Energize Weekly, August 21, 2019
The Colorado Public Utilities Commission (PUC) has filed an unprecedented protest with federal regulators seeking to block the bid by Tri-State Generation and Transmission Association to move from state to federal rate regulation.
Tri-State, which wants to shift rate regulation to the Federal Energy Regulatory Commission (FERC), provides wholesale power to 43 rural electric cooperatives in four states, but most of its customers and sales, about 60 percent, are in 18 Colorado co-ops.
Terry Bote, a spokesman for the PUC, said in an email that in his 25 years at the commission, there has never been a protest filed with FERC. He said he didn’t know if a protest had ever been filed with FERC.
The PUC in its protest said that the proposed switch by the Tri-State was “procedurally unsound, premature, incomplete and jurisdictionally problematic.”
“The PUC took this step because the state has a responsibility to protect its jurisdiction,” Bote said. “There are matters yet to be resolved before the PUC that are pertinent to Tri-State’s filing, and such resolution needs to precede FERC action.”
Tri-State is reviewing the protest, association spokesman Lee Boughey said in an email.
“This is a fairly aggressive stand by the Colorado PUC,” said Ellen Kutzer, an energy attorney with Western Resource Advocates, an environmental group. “It will definitely leave a mark on the FERC commissioners.”
In July, Tri-State filed a rate application with FERC and hoped to have it accepted within 60 days.
Tri-State has been challenged by member co-ops in New Mexico and Colorado on rates, and two co-ops have bought out their contracts and left Tri-State.
Both Colorado and New Mexico adopted clean energy laws this year requiring a sharp reduction in carbon dioxide emissions by utilities and an increase in renewable generation.

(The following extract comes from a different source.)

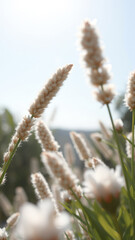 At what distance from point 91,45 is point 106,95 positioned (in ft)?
0.60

Tri-State depends on coal for nearly half its electricity.
The Colorado legislature this spring also gave the PUC clear approval power over Tri-State’s planning for new generation and transmission projects.
“The PUC wants to make sure that Tri-State isn’t trying to go around those state efforts,” Kutzer said.
Tri-State’s decision to switch jurisdictions came as a case was heading to the PUC over the effort by the Delta-Montrose Electric Association (DMEA) to leave the association. DMEA filed a complaint with the PUC saying the exit fee Tri-State was demanding was “discriminatory.”
Tri-State and DMEA reached an undisclosed settlement before the PUC’s scheduled August hearing on the case. DMEA will leave Tri-State early next year paying an undisclosed exit fee.
Tri-State operates in Nebraska, Wyoming and New Mexico, as well as Colorado, and as regulatory policies change in each state, the association said it made sense to seek uniform rate regulation across the states.
This would allow for “rate certainty and predictability going forward,” according to Boughey.
Tri-State said that while rate and contract issues would move to FERC, it will still be under state jurisdiction for the resource planning and pollution-reduction goals.
“We are committed to working with the Governor, the legislature and the Colorado Public Utilities Commission to implement the state’s energy goals, including complying with Colorado’s carbon reduction rules and working with the commission and other stakeholders through the new resource planning process for Tri-State,” Boughey said.
In its protest, however, the PUC raised questions of whether the split oversight will undermine state efforts. “There are jurisdictional issues created if the state has jurisdiction over resource plans, which Tri-State admits, and the FERC has jurisdiction over rates,” the filing said. “Will FERC honor state decisions?”
To be eligible for FERC oversight, Tri-State has to add a new member that is not a rural cooperative. The PUC filing said that Tri-State has not named the new member, making the application premature.
In the filing, it said that the PUC will discuss at its Aug. 21 meeting whether the commission must approve that new member.
The protest also said that Tri-State’s long-term contracts that limit co-ops to generating no more than 5 percent of their own electricity, and the association’s opposition to co-ops buying local renewable energy under the Public Utility Regulatory Policies Act (PURPA) are not consistent with FERC policies to promote the development of new resources.
The PUC said considering the “significant procedural, legal and jurisdiction flaws” in the Tri-State application, it should be dismissed by the FERC.